I am using PCA to analyze several spatially related time series, and it appears that the first eigenvector corresponds to the derivative of the mean trend of the series (example illustrated below). I am curious as to why the first eigenvector relates to the derivative of the trend as opposed to the trend itself?
The data are arranged in a matrix where the rows are the time series for each spatial entity and the columns (and in turn dimensions in the PCA) are the years (i.e. in the example below, 10 time series each of 7 years). The data are also mean-centered prior to the PCA.
Stanimirovic et al., 2007 come to the same conclusion, but their explanation is a little beyond my grasp of linear algebra.
[Update] – adding data as suggested.
[Update2] – ANSWERED. I found my code was incorrectly using the transpose of the eigenvector matrix when plotting results (excel_walkthrough)(thanks @amoeba). It looks like it's just a coincidence that the transpose-eigenvector/derivative relationship exists for this particular setup. As described mathematically and intuitively in this post, the first eigenvector does indeed relate to the underlying trend and not its derivative.
Best Answer
Let's ignore the mean-centering for a moment. One way to understand the data is to view each time series as being approximately a fixed multiple of an overall "trend," which itself is a time series $x=(x_1, x_2, \ldots, x_p)^\prime$ (with $p=7$ the number of time periods). I will refer to this below as "having a similar trend."
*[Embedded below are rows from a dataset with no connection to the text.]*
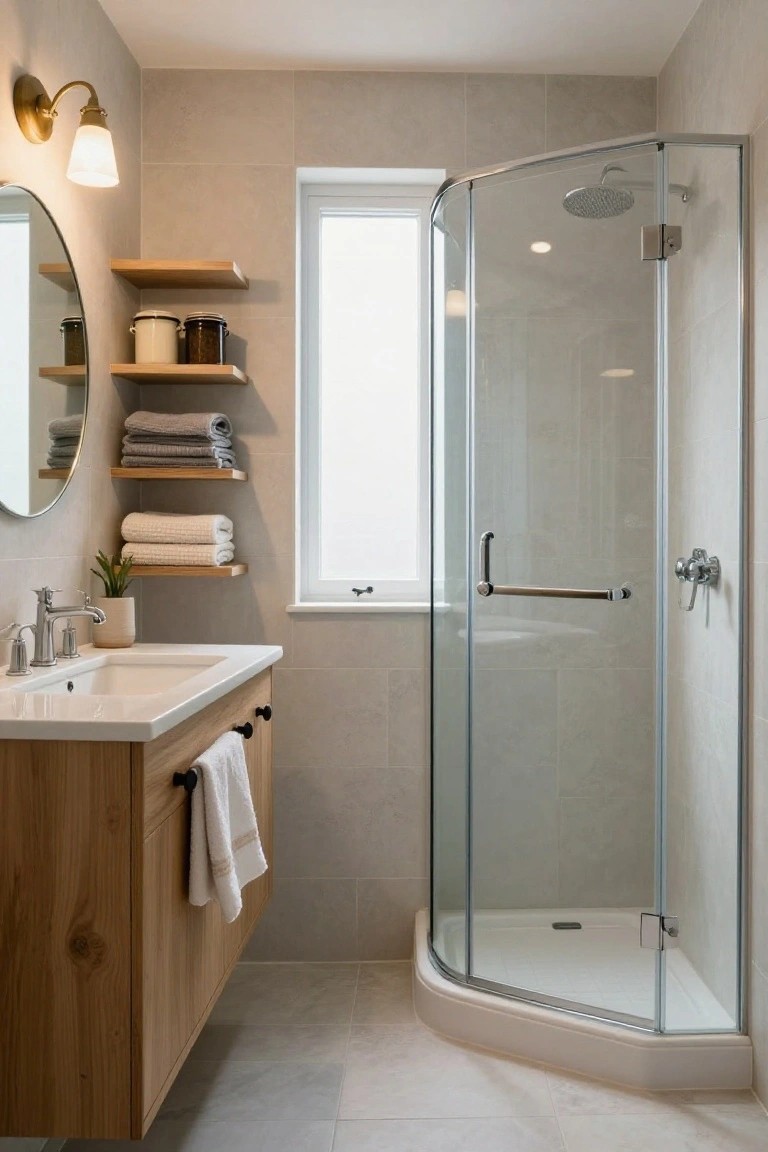Compact modern bathroom with light gray tile walls and floor, curved glass corner shower enclosure, light wood vanity cabinet with white sink and draped towel, open wooden shelves with folded towels and jars, round mirror, and wall-mounted faucet.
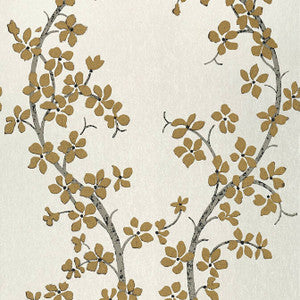 St. Albans Grove Metallic Gold on Pearl AT6157 by Anna French Designer Wallpaper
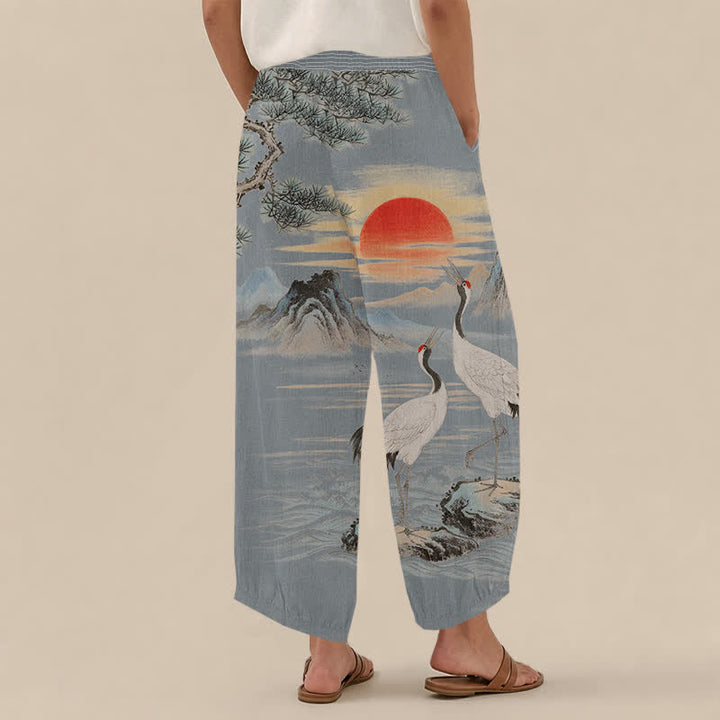 Buddha Stones Cotton Ink Landscape Crane Sun Pattern Pleated Elastic Waist Women's Harem Pants With Pockets - image 12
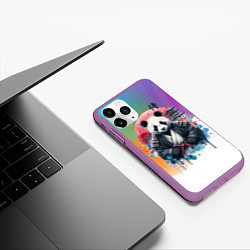 Чехол iPhone 11 Pro матовый Panda samurai - Japan, цвет: 3D-фиолетовый — фото 2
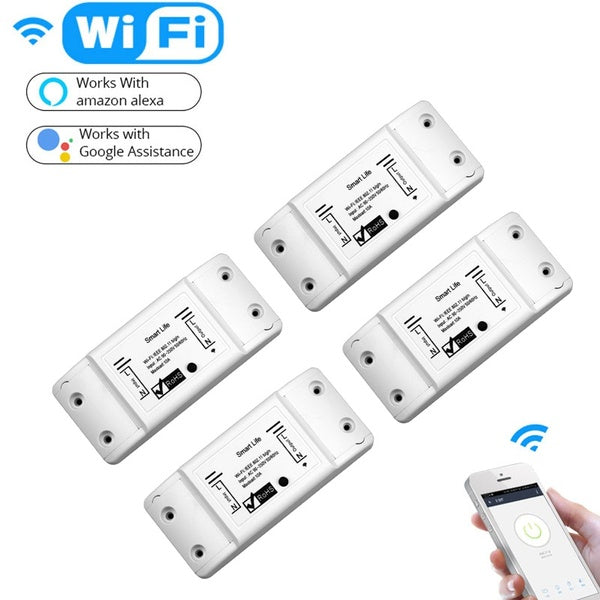 Moes DIY WiFi Smart Light Switch Disjoncteur Universel Minuterie Télécommande Sans Fil Fonctionne avec Alexa Google Home Smart Home 4 Pièces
Writing $\phi=(\phi_1, \phi_2, \ldots, \phi_n)^\prime$ for those multiples (with $n=10$ the number of time series), the data matrix is approximately
$$X = \phi x^\prime.$$
The PCA eigenvalues (without mean centering) are the eigenvalues of
$$X^\prime X = (x\phi^\prime)(\phi x^\prime) = x(\phi^\prime \phi)x^\prime = (\phi^\prime \phi) x x^\prime,$$
because $\phi^\prime \phi$ is just a number. By definition, for any eigenvalue $\lambda $ and any corresponding eigenvector $\beta$,
$$\lambda \beta = X^\prime X \beta = (\phi^\prime \phi) x x^\prime \beta = ((\phi^\prime \phi) (x^\prime \beta)) x,\tag{1}$$
where once again the number $x^\prime\beta$ can be commuted with the vector $x$. Let $\lambda$ be the largest eigenvalue, so (unless all time series are identically zero at all times) $\lambda \gt 0$.
Since the right hand side of $(1)$ is a multiple of $x$ and the left hand side is a nonzero multiple of $\beta$, the eigenvector $\beta$ must be a multiple of $x$, too.
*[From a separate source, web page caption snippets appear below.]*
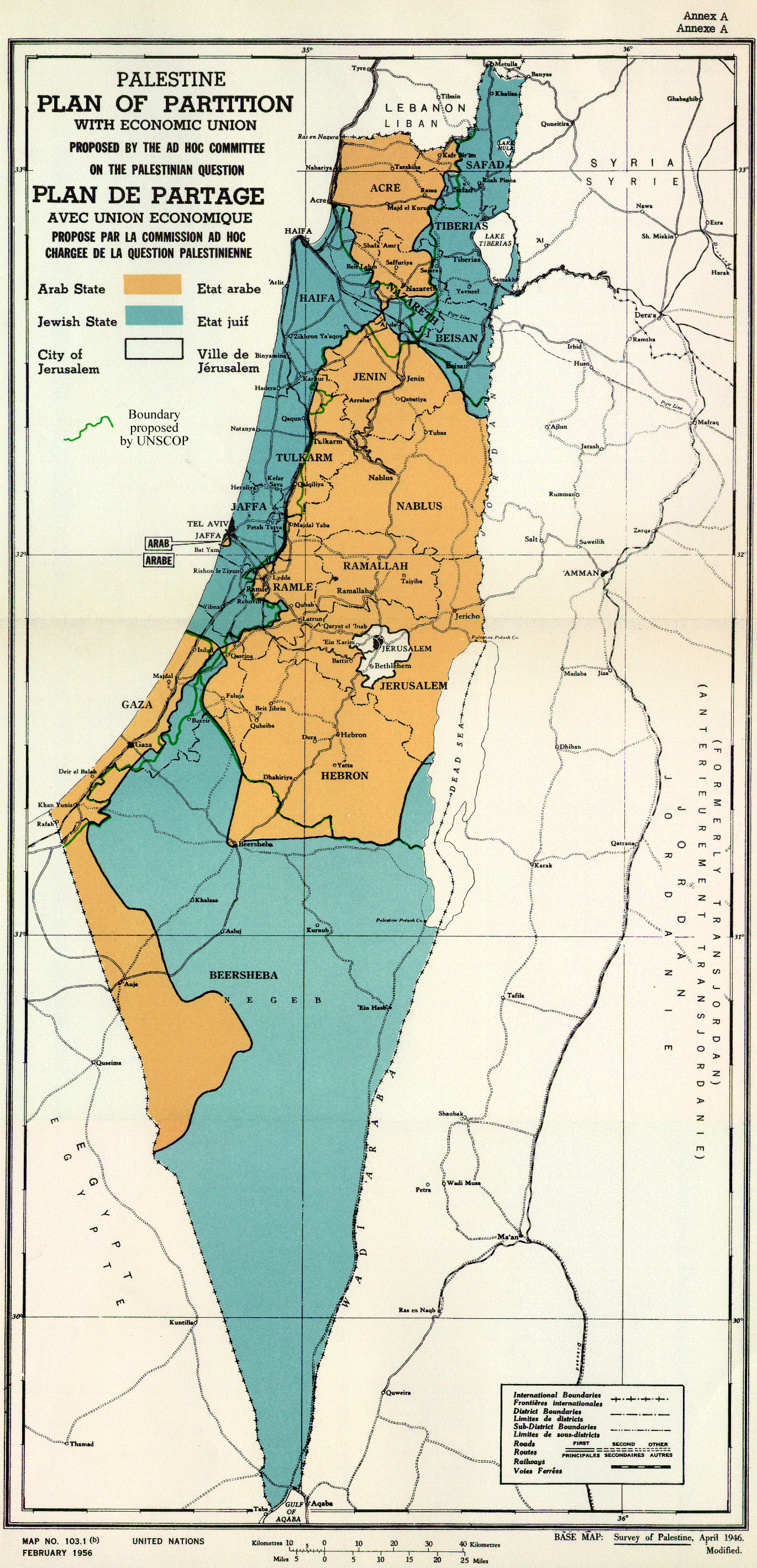 Carte du plan de partage de la Palestine adopté par l'ONU le 29 novembre 1947 (résolution 181) : zones de l'État juif, zones de l'État arabe, Jérusalem internationalisée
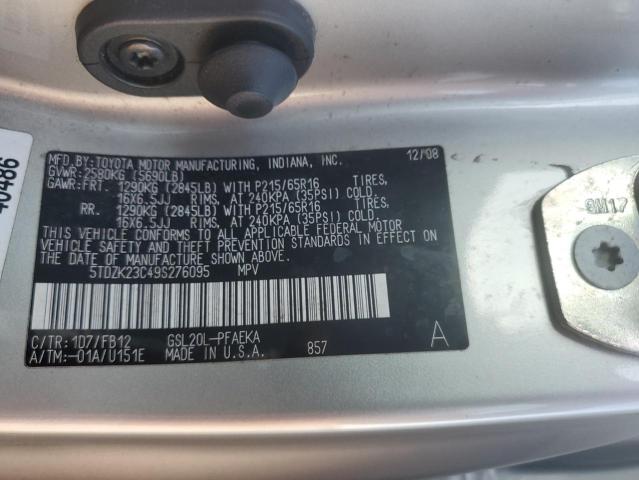 Photo 12 VIN: 5TDZK23C49S276095 - TOYOTA SIENNA CE 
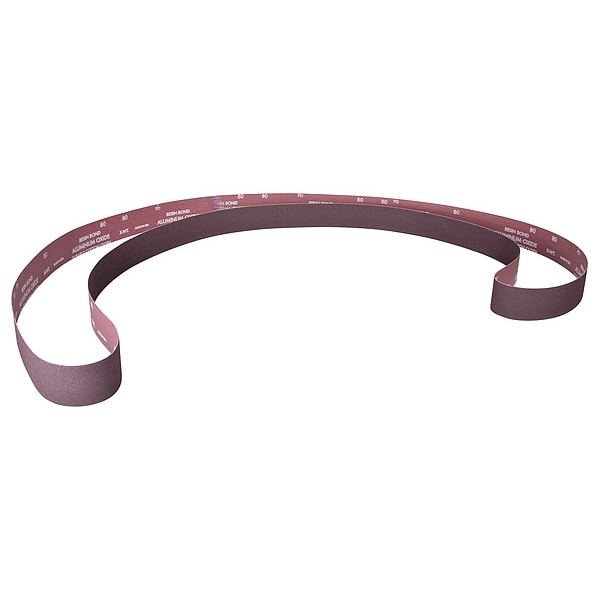Norton Abrasives Sanding Belt, 4 in W, 132 in L, Coated, Aluminum Oxide, 80 Grit, Coarse, R228 Metalite, Brown - 78072722385
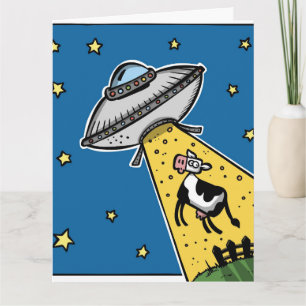 UFO COW ABDUCTION FUNNY BIRTHDAY CARD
In other words, when a set of time series conforms to this ideal (that all are multiples of a common time series), then
There is a unique positive eigenvalue in the PCA.
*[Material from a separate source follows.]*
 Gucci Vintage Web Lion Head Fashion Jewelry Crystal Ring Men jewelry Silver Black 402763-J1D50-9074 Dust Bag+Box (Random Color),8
There is a unique corresponding eigenspace spanned by the common time series $x$.
Colloquially, (2) says "the first eigenvector is proportional to the trend."
"Mean centering" in PCA means that the columns are centered. Since the columns correspond to the observation times of the time series, this amounts to removing the average time trend by separately setting the average of all $n$ time series to zero at each of the $p$ times. Thus, each time series $\phi_i x$ is replaced by a residual $(\phi_i - \bar\phi) x$, where $\bar\phi$ is the mean of the $\phi_i$. But this is the same situation as before, simply replacing the $\phi$ by their deviations from their mean value.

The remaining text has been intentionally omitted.